On the other hand there's a strange circumstance of an assumption that you always know the name of a remote downstream. Such an assumption is so unrealistic I feel it is more likely we just aren't on the same page at all. I'm cc'ing abhishek maybe we can find a more direct way to collaborate as cadence like this isn't likely to resolve things quickly.

@abhiksingh, I will be in Boston prior to a meeting 9th July. Any chance we can do a video call or even better something in-person to run through various interop things between Zipkin and AWS X-Ray? cc also @devinsba who is timezone close for such a thing.

robyf commented 6 years ago

AWS is asking to have a phone call with me, but I start feeling I'll be just the man-in-the-middle here adding little if not no value at all. Plus the timing will be inconvenient because I'm located in Finland and the AWS X-Ray team somewhere in the PST time zone. Could I suggest AWS to have some kind of video calls with you guys instead?

codefromthecrypt commented 6 years ago

yeah this was my suggestion. i am in Malaysia but on july 9 i am in boston much closer. can certainly do something meanwhile too like next week end of their day. you can have someone reach out directly if july is too late.

appreciated!

robyf commented 6 years ago

I just replied them asking to have the call done between you and them directly. Hopefully they'll be ok with it!

robyf commented 6 years ago

The AWS X-Ray service team is ok to have the call with you, could you pass me your contact details? I'll forward those to the support contact.

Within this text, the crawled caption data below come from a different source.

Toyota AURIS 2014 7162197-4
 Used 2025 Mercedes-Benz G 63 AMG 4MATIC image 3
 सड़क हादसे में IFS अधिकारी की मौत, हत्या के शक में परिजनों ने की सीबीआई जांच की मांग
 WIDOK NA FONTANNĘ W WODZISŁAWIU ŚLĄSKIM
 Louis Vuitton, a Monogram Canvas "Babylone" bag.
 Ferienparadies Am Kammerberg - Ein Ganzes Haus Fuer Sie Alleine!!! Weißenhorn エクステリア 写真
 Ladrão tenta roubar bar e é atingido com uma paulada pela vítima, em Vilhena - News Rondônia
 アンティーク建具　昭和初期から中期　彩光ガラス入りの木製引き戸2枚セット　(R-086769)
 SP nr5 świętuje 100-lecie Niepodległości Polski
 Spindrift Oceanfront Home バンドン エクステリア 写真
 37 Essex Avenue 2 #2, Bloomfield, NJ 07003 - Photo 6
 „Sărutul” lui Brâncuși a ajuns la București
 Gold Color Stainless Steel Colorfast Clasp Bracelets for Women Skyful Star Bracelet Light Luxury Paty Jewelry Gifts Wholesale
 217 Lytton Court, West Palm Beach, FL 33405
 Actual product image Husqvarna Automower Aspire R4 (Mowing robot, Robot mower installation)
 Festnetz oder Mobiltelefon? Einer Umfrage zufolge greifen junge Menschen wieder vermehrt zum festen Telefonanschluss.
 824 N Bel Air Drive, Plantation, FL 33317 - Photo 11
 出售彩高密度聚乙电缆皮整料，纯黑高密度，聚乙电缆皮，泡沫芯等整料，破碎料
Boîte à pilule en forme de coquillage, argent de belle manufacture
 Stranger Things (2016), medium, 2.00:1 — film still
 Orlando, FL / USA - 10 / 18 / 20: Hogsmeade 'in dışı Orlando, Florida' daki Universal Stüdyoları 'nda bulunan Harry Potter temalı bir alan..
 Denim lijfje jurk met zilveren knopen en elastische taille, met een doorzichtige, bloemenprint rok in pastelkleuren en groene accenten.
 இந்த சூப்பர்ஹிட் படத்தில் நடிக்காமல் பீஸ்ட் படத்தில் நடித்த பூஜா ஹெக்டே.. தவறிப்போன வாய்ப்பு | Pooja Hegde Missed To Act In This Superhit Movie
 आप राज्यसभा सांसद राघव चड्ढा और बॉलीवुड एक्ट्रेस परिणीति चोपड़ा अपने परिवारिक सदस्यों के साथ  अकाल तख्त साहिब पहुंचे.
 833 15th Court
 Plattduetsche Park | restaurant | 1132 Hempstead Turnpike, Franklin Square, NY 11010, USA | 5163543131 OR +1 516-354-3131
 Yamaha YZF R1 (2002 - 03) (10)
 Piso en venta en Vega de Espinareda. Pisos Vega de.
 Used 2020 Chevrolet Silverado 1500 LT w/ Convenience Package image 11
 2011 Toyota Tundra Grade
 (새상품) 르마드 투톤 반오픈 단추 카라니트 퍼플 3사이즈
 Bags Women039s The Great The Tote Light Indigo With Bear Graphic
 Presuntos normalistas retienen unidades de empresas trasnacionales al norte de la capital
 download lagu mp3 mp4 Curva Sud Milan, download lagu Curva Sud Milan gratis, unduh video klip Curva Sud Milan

codefromthecrypt commented 6 years ago

Abhishek made a meeting already. I created a google doc to put some key questions/discussion points in

https://docs.google.com/document/d/1ZFg2SX2DUJFRE8MpodV9DL9uYgNHe-90PMQIb1DrY8k/edit

On Wed, Jun 27, 2018 at 12:38 PM, robyf notifications@github.com wrote:

The AWS X-Ray service team is ok to have the call with you, could you pass me your contact details? I'll forward those to the support contact.

— You are receiving this because you were mentioned. Reply to this email directly, view it on GitHub https://github.com/openzipkin/zipkin-aws/pull/88#issuecomment-400540424, or mute the thread https://github.com/notifications/unsubscribe-auth/AAD61whAy1MHtbRDWb9cWI-cfQTVhqTKks5uAwxggaJpZM4UNlNX .

codefromthecrypt commented 6 years ago

plan resulting from feedback from meeting with AWS

For the remote subsegment name, use a fallback model:

When users report a problem, tell them to configure a valid remote service name (possibly by decorating a reporter if there's no other way).

Also tell users to fix or ask for fixes when there is double-instrumentation (client child of client) as this is a problem and affects statistics. Meanwhile, Amazon will look into skipping bad data when rendering the service graph on their end.